Parannis's blade blurred, cleaving to sheer through armor and neck. Kalan twisted aside just in time, deflecting the strike off the rim of his buckler. If the blade had hit square, the sheer force behind it could have split the shield; as it was, the impetus drove him back. The Son of Blood's laugh was euphoric with power and anticipation of the kill. The enhanced strength of his attacks was already an ache up Kalan's arms and into his shoulders, and together with the psychic offensive's drag on his physical strength, he was tiring fast. Grimly, he fought down panic and beat aside another strike, his own blow designed to jar—then whipped his swordtip back toward the eye slot in the smiling visor.

Parannis's recoil was slight, but allowed Kalan to break off and circle again. The roar of blood and breath thundered at him to abandon his wards and shield out Parannis's psychic offensive—but if he ripped out the interwoven layers of suppression and concealment, he might not be able to control the ensuing spike of released power. And he would betray himself to his enemies.
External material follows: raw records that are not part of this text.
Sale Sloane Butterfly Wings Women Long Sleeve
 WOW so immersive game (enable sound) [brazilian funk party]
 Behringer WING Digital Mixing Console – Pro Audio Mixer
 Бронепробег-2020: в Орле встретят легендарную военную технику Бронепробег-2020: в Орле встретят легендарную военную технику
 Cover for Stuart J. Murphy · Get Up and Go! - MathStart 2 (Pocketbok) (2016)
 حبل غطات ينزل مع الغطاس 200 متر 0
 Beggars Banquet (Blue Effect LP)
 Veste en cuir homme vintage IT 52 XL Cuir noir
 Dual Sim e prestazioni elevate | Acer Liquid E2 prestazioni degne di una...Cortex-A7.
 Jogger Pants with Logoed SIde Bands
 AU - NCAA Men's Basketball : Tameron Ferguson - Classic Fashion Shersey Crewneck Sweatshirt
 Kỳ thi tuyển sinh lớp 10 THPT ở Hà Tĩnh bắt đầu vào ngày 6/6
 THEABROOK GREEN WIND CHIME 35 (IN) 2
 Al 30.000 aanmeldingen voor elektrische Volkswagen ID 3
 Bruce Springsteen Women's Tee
Kalan evaded again as the Son of Blood sought to close,
and Parannis reversed direction, aiming a strike that could have scored either throat or eye if Kalan had not managed to spin clear. But his whole body was pain now, and darkness flecked his vision.

“Black blades.”
The moth's spiral from his vigil was a phantom whisper as Parannis stalked forward, power and terror billowing ahead of him like a Wall storm. Kalan drew a deep, tearing breath and prepared to cut his wards loose—but the moth flutter brushed his mind again:
“Black blades; paired blades. Darkness draws darkness, Kalan-hamar-khar.”

Darkness draws darkness
.
Parannis laughed a second time as he lifted his blade, intent on making an end.

Black blades; paired blades
. Kalan hurled his shield into the face of Parannis's advance, drew Asantir's second sword and closed again with the Son of Blood.

M
yr gasped with everyone else as Khar of the Storm Spears cast his shield at Parannis and drew his second sword. He fought Bajan's glaive with a sword and dagger, she reminded herself, and a glaive has far greater reach than a sword. So Khar dispensing with his shield was not necessarily the act of desperation it might appear at face value, although Myr was as aware as any of the surrounding warriors that after an initially promising start, the Storm Spear had been giving way before her brother's assault.

However much she might know that Parannis always won, it did not make watching her champion's defeat any easier to bear. She could not look away, though, not even to glance to her right where she knew Sarein would be wearing the same sleek, satisfied look as her twin when he made a kill. Myr did not want to look left either, to the next gallery along where Faro sat, white faced and rigid, among the Sea emissaries. They should not have brought him: that had been her immediate reaction when the Sea contingent entered—only to ask herself how she would feel, knowing someone she cared about was fighting for his life on the
Field of Blood. She would want to bear witness, too, not pace and wait, caught between dread and hope until someone else, whether friend or stranger, finally brought word of the outcome.

Now, as the spectacle unfolded, Myr was forced to admit that someone she cared about
was
fighting for his life in the arena below—and so gasped with the rest as Khar's shield went spinning into Parannis's path and a second, shorter blade flashed in his left hand. Rather than evading again, as Myr felt sure Parannis must have expected after their recent encounters, the Storm Spear was taking the fight to her brother.

“Two swords, eh,” Kharalthor said, very much at his ease. “Now we shall find out if there's more to him than we've seen so far.”